Réactions des autorités
Le pouvoir tente de tarir les
critiques qui lui sont faites en exprimant des remords, tout en essayant
de rediriger la colère de la population vers les États-Unis, accusés
d’être à l’origine des tensions entre les deux pays, ayant mené à
l’abattage de l’avion. « L’enquête interne des forces armées a conclu
que de manière regrettable des missiles lancés par erreur ont provoqué
le crash de l’avion ukrainien et la mort de 176 innocents », a reconnu
ainsi samedi dernier le président iranien Hassan Rohani, qualifiant
ensuite l’abattage d’« erreur impardonnable ». De son côté, le ministre
des Affaires étrangères Mohammad Javad Zarif a exprimé « regrets,
excuses et condoléances », tout en insistant sur la responsabilité de
Washington dont « l’aventurisme a mené au désastre », ciblant
explicitement l’assassinat de Kassem Soleimani.

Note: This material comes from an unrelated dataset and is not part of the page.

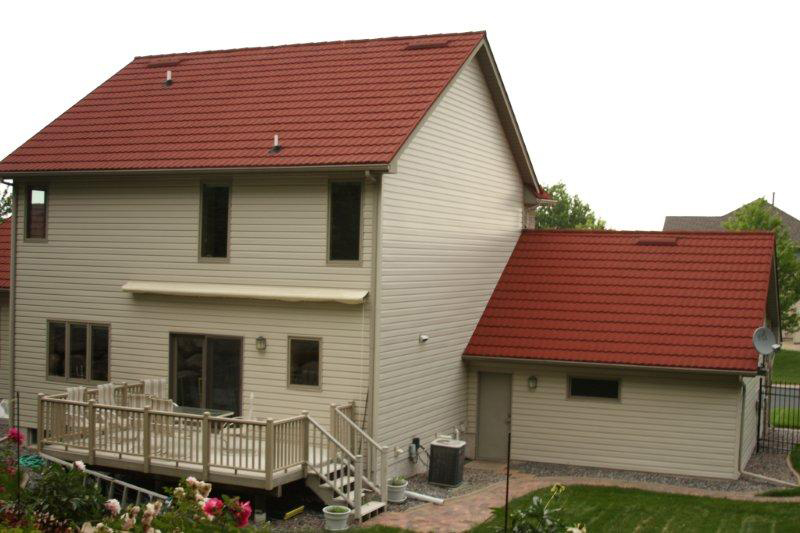 Minneapolis Siding, Roofing, Gutter, Window & Door Contractors - SSE46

Le pouvoir a, par ailleurs, tenté de remettre en question la spontanéité des manifestations en arrêtant brièvement l’ambassadeur britannique Rob Macaire, accusé d’être impliqué dans la provocation d’« actes suspicieux » dans le pays. Dans le centre-ville de Téhéran, entre 100 et 200 personnes ont à cet égard manifesté hier après-midi devant l’ambassade du Royaume-Uni à Téhéran, brûlant un drapeau britannique et appelant à la fermeture de ce qu’ils nomment « l’ambassade de la trahison ».
Il n’empêche que les autorités sont attaquées de toutes parts, aussi bien par les conservateurs que par les réformistes. Selon le New York Times, Hamideh Zarabadi, député au Parlement, a insisté sur la nécessité d’organiser des funérailles nationales pour les victimes du crash et d’inscrire sur chaque cercueil 80 millions de fois « maudite soit la guerre », une saillie visant indirectement, selon le quotidien américain, l’attitude du guide suprême Ali Khamenei et des conservateurs bombant le torse à l’idée d’un conflit avec les États-Unis, depuis la mort de Soleimani.
La presse elle-même n’épargne pas les autorités. Le rédacteur en chef de l’agence officielle Tasnim News, Kian Abdollahi, a qualifié de « catastrophique » le mensonge du pouvoir au sujet du crash de l’avion ukrainien et considère que tous les officiels qui ont caché la vérité à ce sujet doivent être poursuivis. Chose rare, la télévision d’État a même évoqué à l’antenne les manifestations et mentionné que des étudiants avaient scandé des slogans contre le régime.
Les unes sur fond noir des journaux étaient légion hier en Iran, en hommage aux victimes du crash. Le quotidien officiel iranien, Iran, a publié la liste des noms des victimes sur sa première page, titrant « impardonnable ». « Présentez vos excuses, démissionnez ! » a titré pour sa part le quotidien réformiste Etemad.